What to do: Determine how many lines of the material below contain "with". Report only that figure.

#####

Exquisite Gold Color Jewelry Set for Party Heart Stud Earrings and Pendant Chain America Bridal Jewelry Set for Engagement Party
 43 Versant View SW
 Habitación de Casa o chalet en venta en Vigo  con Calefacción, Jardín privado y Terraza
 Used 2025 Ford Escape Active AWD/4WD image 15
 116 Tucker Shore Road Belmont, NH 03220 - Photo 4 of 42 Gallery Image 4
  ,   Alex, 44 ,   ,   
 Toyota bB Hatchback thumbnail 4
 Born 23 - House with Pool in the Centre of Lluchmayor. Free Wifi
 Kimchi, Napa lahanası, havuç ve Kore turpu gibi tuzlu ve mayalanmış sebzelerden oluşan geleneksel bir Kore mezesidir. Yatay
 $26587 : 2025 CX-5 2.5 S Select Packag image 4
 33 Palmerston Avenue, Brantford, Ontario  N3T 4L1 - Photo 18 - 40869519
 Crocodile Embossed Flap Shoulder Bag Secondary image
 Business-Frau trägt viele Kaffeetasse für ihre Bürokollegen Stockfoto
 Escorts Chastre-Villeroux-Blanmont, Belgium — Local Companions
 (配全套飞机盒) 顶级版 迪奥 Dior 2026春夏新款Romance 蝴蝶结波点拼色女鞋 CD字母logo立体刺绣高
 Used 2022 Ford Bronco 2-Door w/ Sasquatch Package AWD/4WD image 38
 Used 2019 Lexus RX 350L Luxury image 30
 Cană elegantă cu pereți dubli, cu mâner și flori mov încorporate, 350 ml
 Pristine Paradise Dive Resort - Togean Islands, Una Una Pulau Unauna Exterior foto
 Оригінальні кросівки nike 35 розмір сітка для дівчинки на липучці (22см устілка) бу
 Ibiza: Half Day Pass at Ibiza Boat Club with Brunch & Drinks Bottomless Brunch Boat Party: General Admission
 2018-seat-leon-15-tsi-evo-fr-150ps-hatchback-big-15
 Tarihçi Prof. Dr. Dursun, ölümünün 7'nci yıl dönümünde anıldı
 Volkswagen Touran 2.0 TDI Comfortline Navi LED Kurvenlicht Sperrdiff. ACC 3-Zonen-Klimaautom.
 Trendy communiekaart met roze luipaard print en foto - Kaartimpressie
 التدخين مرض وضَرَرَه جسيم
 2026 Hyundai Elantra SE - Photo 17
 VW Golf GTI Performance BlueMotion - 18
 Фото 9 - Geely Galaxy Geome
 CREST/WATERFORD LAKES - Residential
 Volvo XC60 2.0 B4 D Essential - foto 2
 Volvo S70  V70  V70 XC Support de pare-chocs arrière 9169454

#####

Your solution: 2